For the diagonal we have $\sum L_{\downarrow i} - L_{\downarrow i}L_{\downarrow i} + 1 = 1\quad$ (with the $1$ coming from $I$).
So, if we can show that $\sum L_{\downarrow i} - L_{\downarrow i}L_{\downarrow j}\ge 1$ for all $j\neq i, j=1,..,n$, we are done.
We can rewrite each cell as: $$ \sum L_{\downarrow i} - L_{\downarrow i}^TL_{\downarrow j} \\= (1,...,1) L_{\downarrow i} - L_{\downarrow i}^TL_{\downarrow j} \\= \big((1,...,1) - L_{\downarrow i}^T \big)L_{\downarrow j} $$
This means that if we can choose the entries of $L$ so that for every ordered pair of columns of $L$ we have one row that is $0$ in the first, and $1$ in the second column, we are done.
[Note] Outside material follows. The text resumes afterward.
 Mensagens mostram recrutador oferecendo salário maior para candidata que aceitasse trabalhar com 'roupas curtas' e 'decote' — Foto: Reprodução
(i.e. if the columns are $ L_{\downarrow i},L_{\downarrow j}, \,\, i,j\in\{1,..,n\}, i\neq j$ they'll have to look like $\pmatrix{...\\1\\...},\pmatrix{...\\0\\...}$ or equivalently $L_{k,i} = 1, L_{k,j} =0$)
And that's the point where I'm stuck. I can't think of a way that makes use of this property while also taking the special shape of $L$